For one, he would be far away from any means of repairing his electronics if they broke, and his electronics were his life-line. For two, the planned itinary of the ship was set to take him into several areas where he would be completely outside of signal range, which was worse. He hadn’t even known such areas still existed in this day and age of magically-boosted satellites and wizard wifi. For three, he was supposed to go on the cruise with Klaus Reed, of all people. Now, it wasn’t that Tristan had anything against Reed. He liked him well enough, had even worked together on occasion. But Reed was excited about the cruise, and a mismatch in attitude like that was always a pain to work around when you were trying to settle into a new cover identity.
Oh, right. There was also that: Tristan Jones wasn’t going on the Three-Months Dream All-Around Tropical Wonder Cruise as a vacation or anything of the sort. He was going on it as a spy working an undercover assignment against his will.
Think of it like a reward, his boss had told him, because he was an asshole. You’re my best agent, so you get the best assignment. In agency parlance, that meant: ‘you pissed me off somehow, but since you consistently bring in results, I’m not allowed to punish you. So I’m going to send you somewhere very scenic, for a mission that will be either mind-numbingly boring if you’re lucky, or extremely fucked up if you’re not.’ And since Tristan was an experienced agent, and he had a sense about these things, he could already tell that the second option was the most likely, even though he’d hadn’t even set foot on the godforsaken boat yet. He’d only needed one look at the mission brief to be able to tell.
According to the files he’d been given, half of the passengers of the cruise were set to board today, and another half at the next destination. Given the speed that the tickets had been sold, the lack of publicity for the cruise, and previously gathered data on some of the passengers, there was a high possibility that most if not all of the people about to board already knew each other, and may be involved in some manner of scheme. Unfortunately, what manner of scheme remained unclear, and it was one of the things that Tristan was here to uncover. With his luck, it might turn out to be anything from a terrorist plot to a weird sex cult.
Tristan scrunched his eyes shut and shuddered at that last thought. In the back of his mind he prayed to whatever deity oversaw spies (like all good spies, the god of them probably knew better than to let anyone know its identity, so he never put a name on his prayers and trusted that they reached the right godly department anyway) to not let him walk into a sex cult. Or at least not while partnered with Reed.

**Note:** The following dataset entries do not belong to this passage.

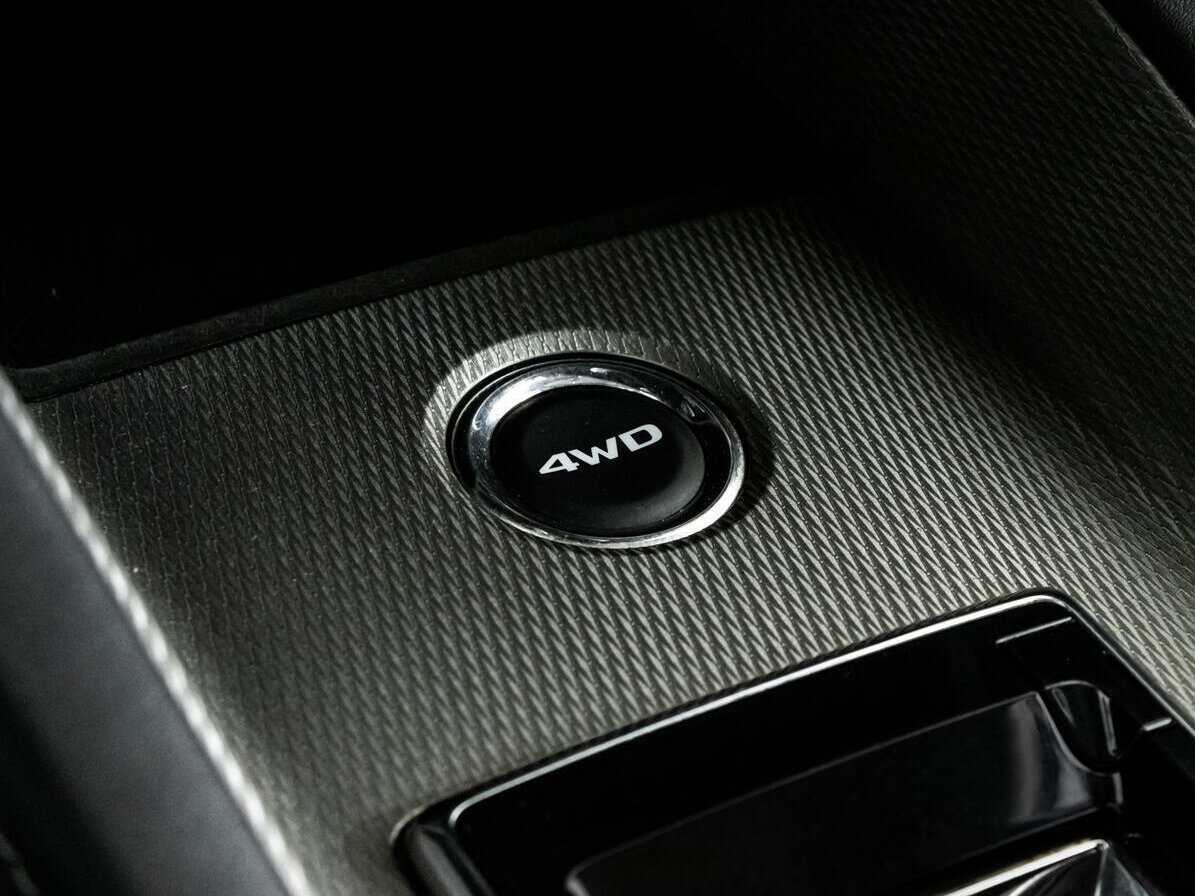 Купить Mitsubishi ASX с пробегом. Фото: #12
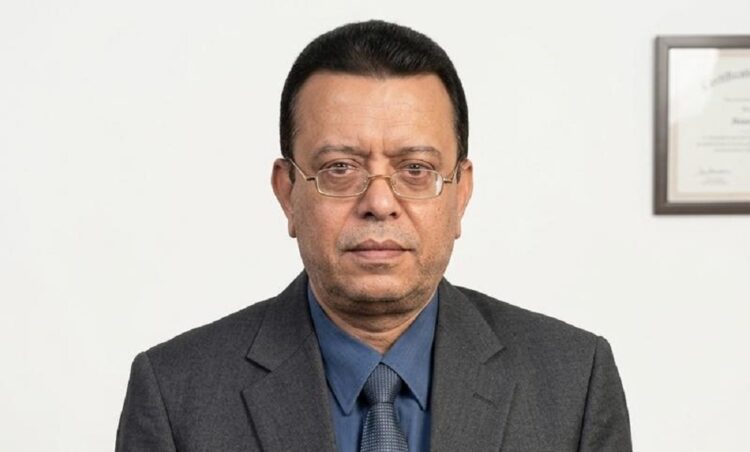 جامعة الإسكندرية تُعزز قياداتها الأكاديمية بتعيين الدكتور إبراهيم خليفة وكيلاً لكلية الحقوق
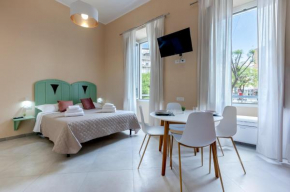 Bonnystudios Holiday Apartments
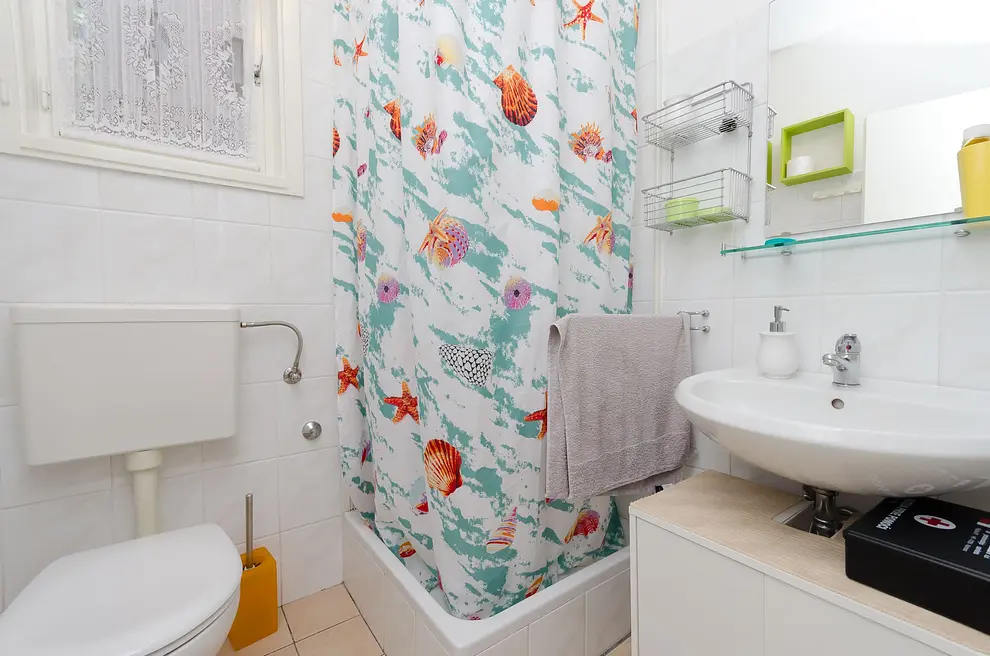 Ferienwohnung in Opatija  999204015 32239 – Foto 14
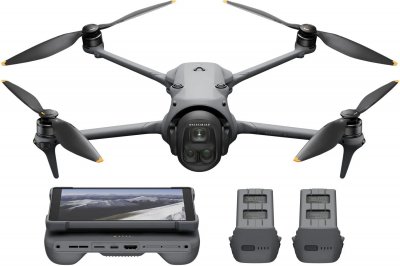 DJI Drones  Mavic 4 Pro 512GB Creator Com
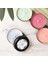 Tutti Frutti Aromalı Metal Soya Mum 2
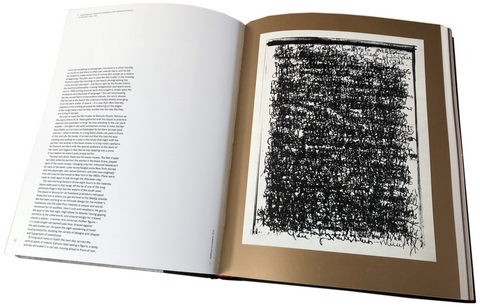 Eamonn Doyle - The Library Project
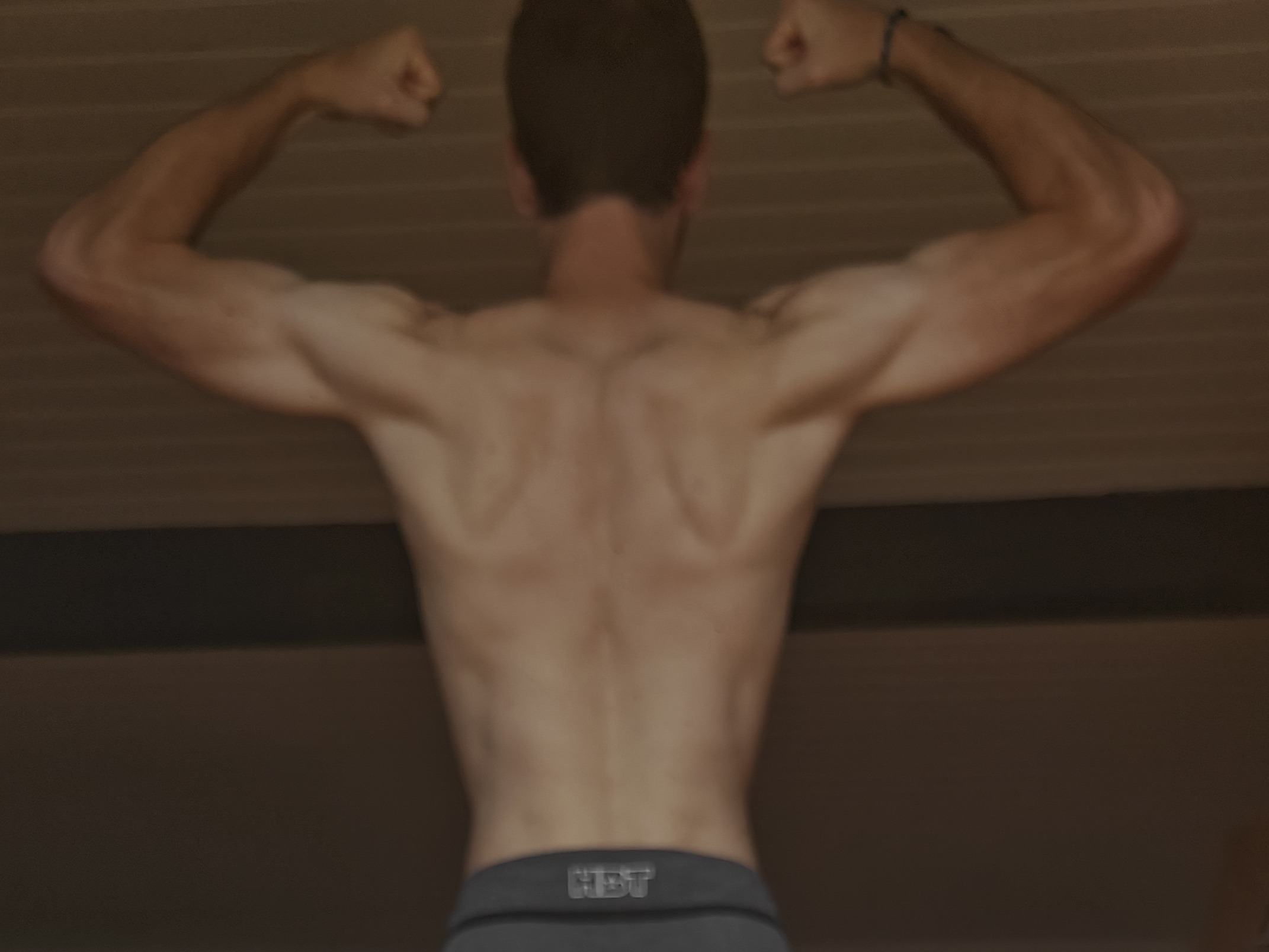 Profil de Haitham, 21 ans, Pute à Rapide-Danseur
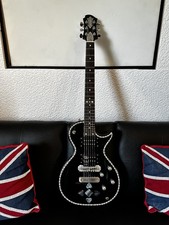 Zemaitis SUJ-101-LTD13 BK Made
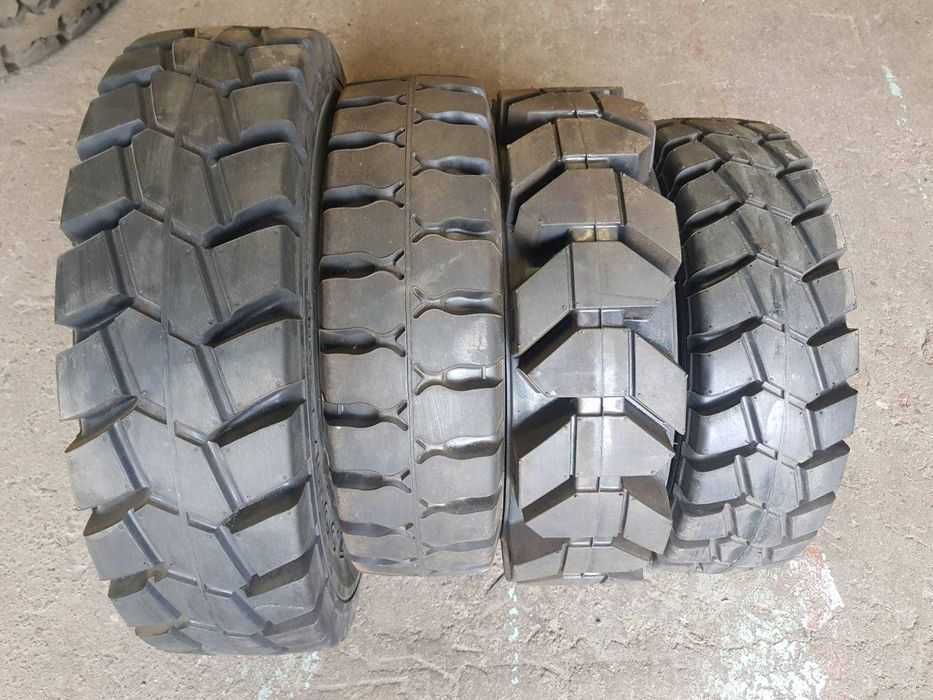 Шини 8.15-15 (28*9-15) L6 PR14 147А5 TTF Armour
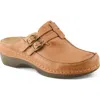 Spring Step Happy Clog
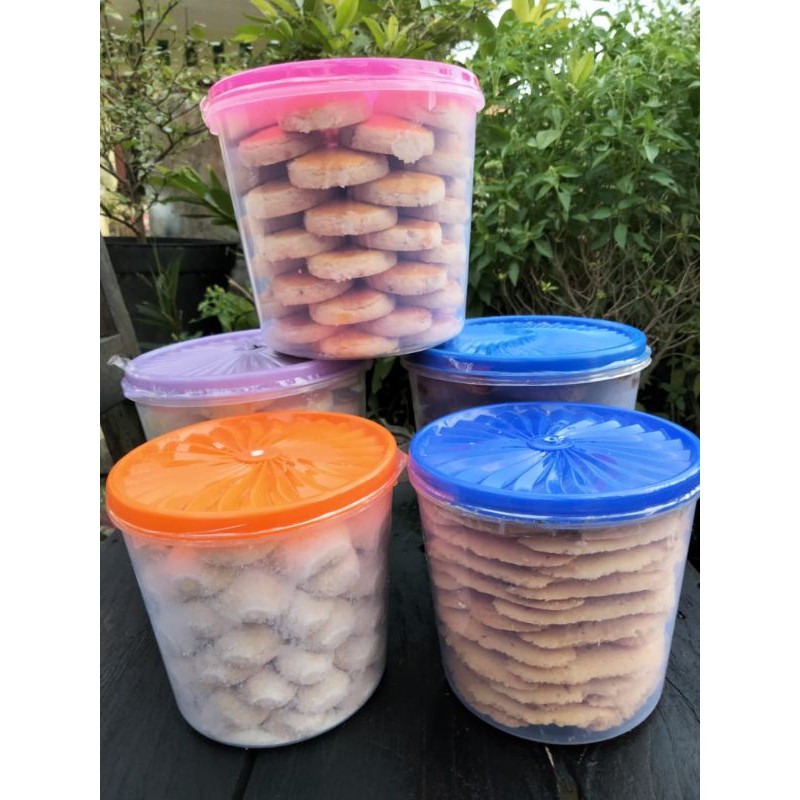 

Kue Kacang Terenak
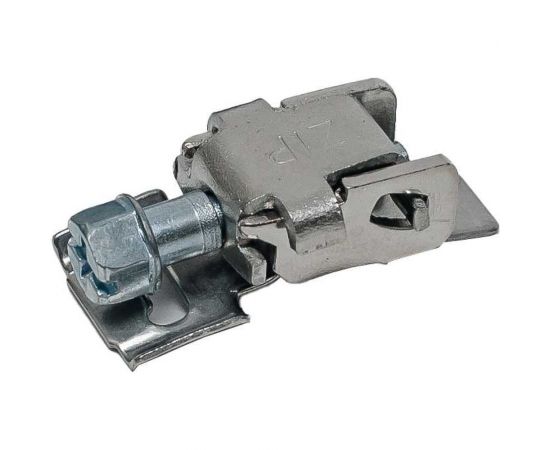 Замок для хомутной ленты 9 мм NBPT 58299 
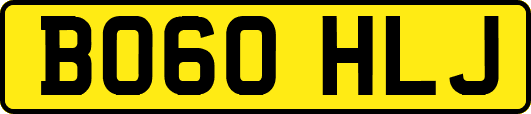 BO60HLJ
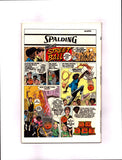 CAPTAIN AMERICA ANNUAL #4 (1977) VFNM/NM-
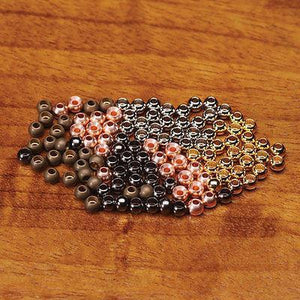 Hareline Dubbin Cyclops Bead Eyes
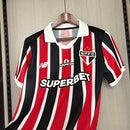 Camisa São Paulo Away 26/27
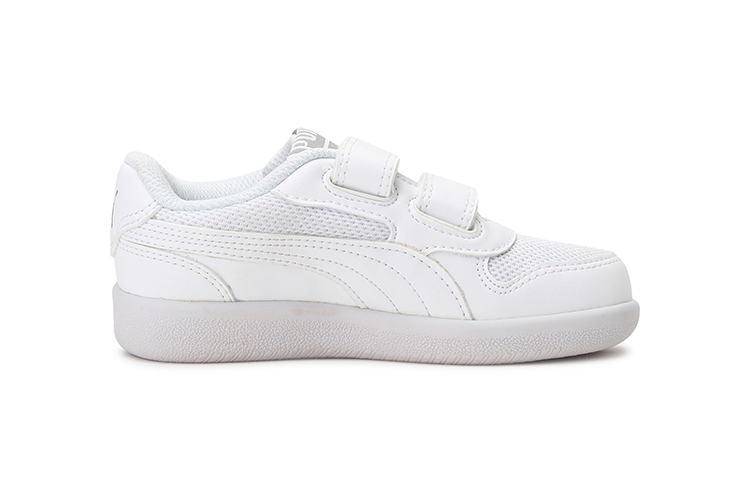 Order 彪马Kent V Idp 婴儿款白色鞋 190597-02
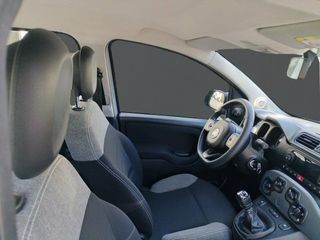 Fiat Panda City Life Hybrid 1.0 Gse 51kw (70CV)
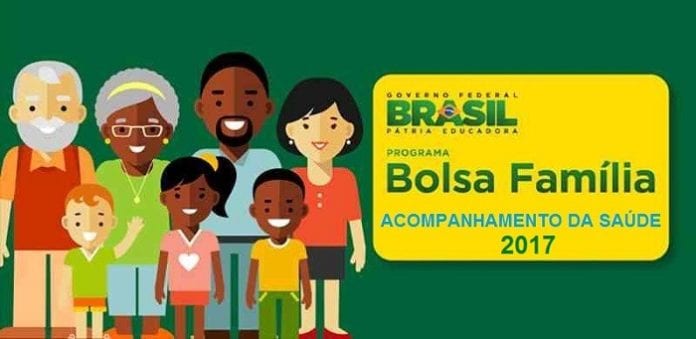 BOLSA FAMILIA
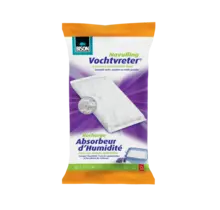 Bison Airmax vochtvreter navulling Lavendel 1 kg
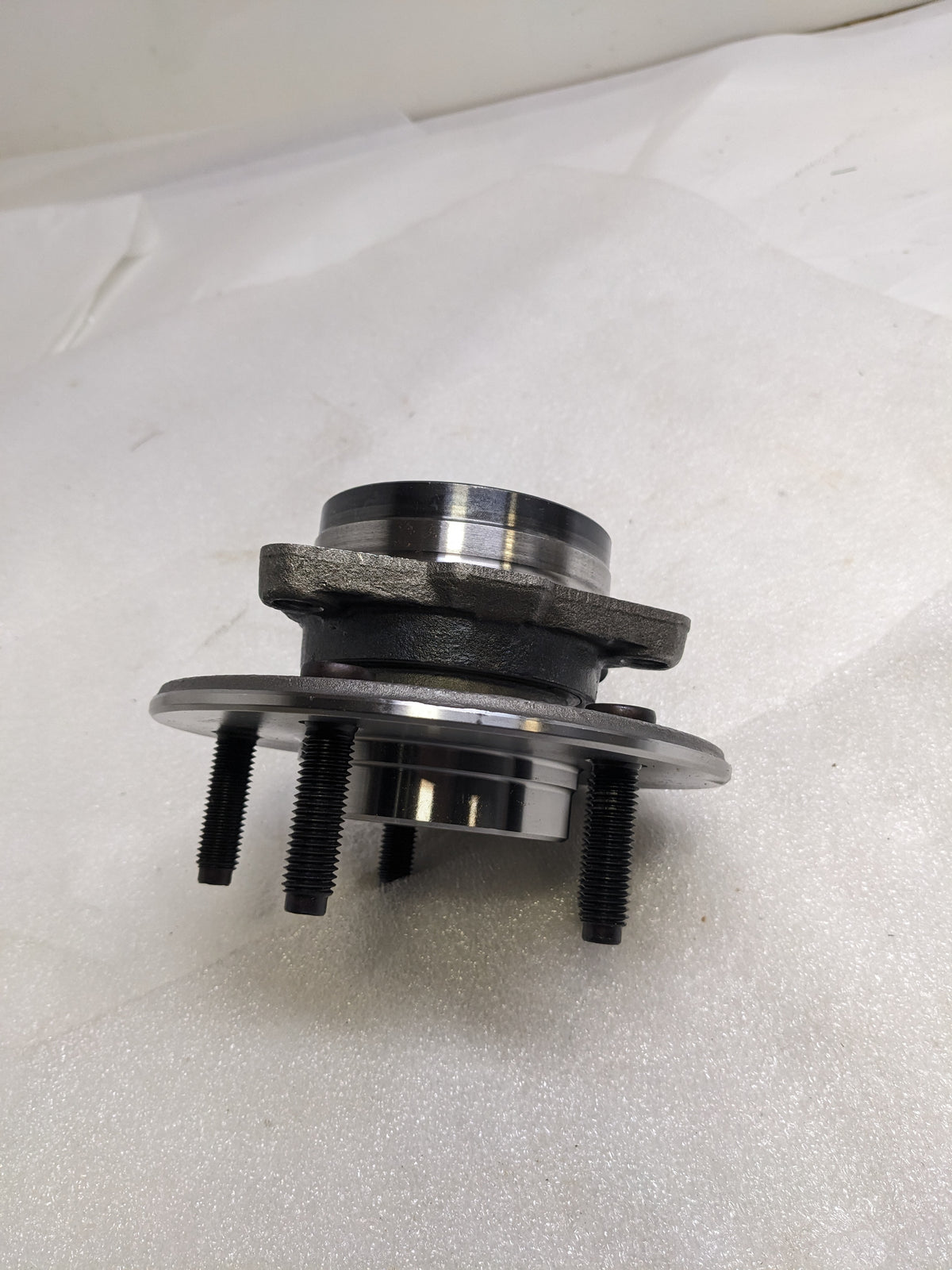 AUTO EXTRA 515029 WHEEL BEARING AND HUB ASSEMBLIES NEW R7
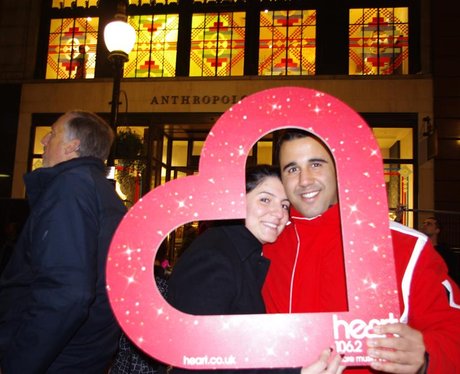 Heart Angels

Once again, he didn’t have anything against the guy! And it’s not like Tristan was a prude or anything. He just… not with colleagues. Or other agents, even if they weren’t colleagues. Never again. That was a hard limit that he had set for himself years ago and he was going to hang on to it. It made his whole life so much less complicated.
Speaking of Reed, he sure was taking his sweet time. Tristan checked his watch. It was very fancy and very obviously a knock-off of an expensive brand, and would likely break down on him halfway through this mission. You’d think that would be annoying, but he knew that it was a feature, not a bug. Nobody thought that you were an undercover spy with military-grade equipment if your phone screen was cracked and your watch was a piece of shit. (That wasn’t the reason why he had been given it, though. The reason was that the hacks who worked down in Equipment hated him. It wasn’t his fault if they got offended when he returned his gear with obvious improvements in the softwares and hardwares. He wasn’t trying to insult them, he just needed shit to fiddle with on long boring stakeouts. He was a technomancer, of course he was going to mance the tech! What else did they expect?)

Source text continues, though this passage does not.